From the records, pick out and copy each line containing "Denim".
┄┄┄┄┄┄┄┄┄┄
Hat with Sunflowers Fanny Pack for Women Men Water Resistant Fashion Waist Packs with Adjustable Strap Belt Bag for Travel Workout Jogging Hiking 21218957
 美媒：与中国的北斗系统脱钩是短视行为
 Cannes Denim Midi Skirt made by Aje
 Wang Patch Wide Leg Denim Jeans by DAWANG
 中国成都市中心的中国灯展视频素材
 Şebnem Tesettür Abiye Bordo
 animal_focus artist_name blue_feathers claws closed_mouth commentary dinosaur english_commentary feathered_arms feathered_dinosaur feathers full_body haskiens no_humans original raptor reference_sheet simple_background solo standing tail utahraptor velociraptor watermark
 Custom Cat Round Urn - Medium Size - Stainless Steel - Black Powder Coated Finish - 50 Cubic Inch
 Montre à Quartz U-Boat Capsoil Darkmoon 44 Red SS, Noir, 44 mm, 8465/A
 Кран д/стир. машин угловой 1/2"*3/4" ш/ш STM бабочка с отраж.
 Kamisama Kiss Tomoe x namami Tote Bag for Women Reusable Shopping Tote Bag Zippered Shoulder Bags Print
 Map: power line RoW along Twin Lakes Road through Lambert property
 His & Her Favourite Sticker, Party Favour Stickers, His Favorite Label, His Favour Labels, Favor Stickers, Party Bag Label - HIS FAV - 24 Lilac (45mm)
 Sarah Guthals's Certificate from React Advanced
┄┄┄┄┄┄┄┄┄┄
Exercise output:
 Cannes Denim Midi Skirt made by Aje
 Wang Patch Wide Leg Denim Jeans by DAWANG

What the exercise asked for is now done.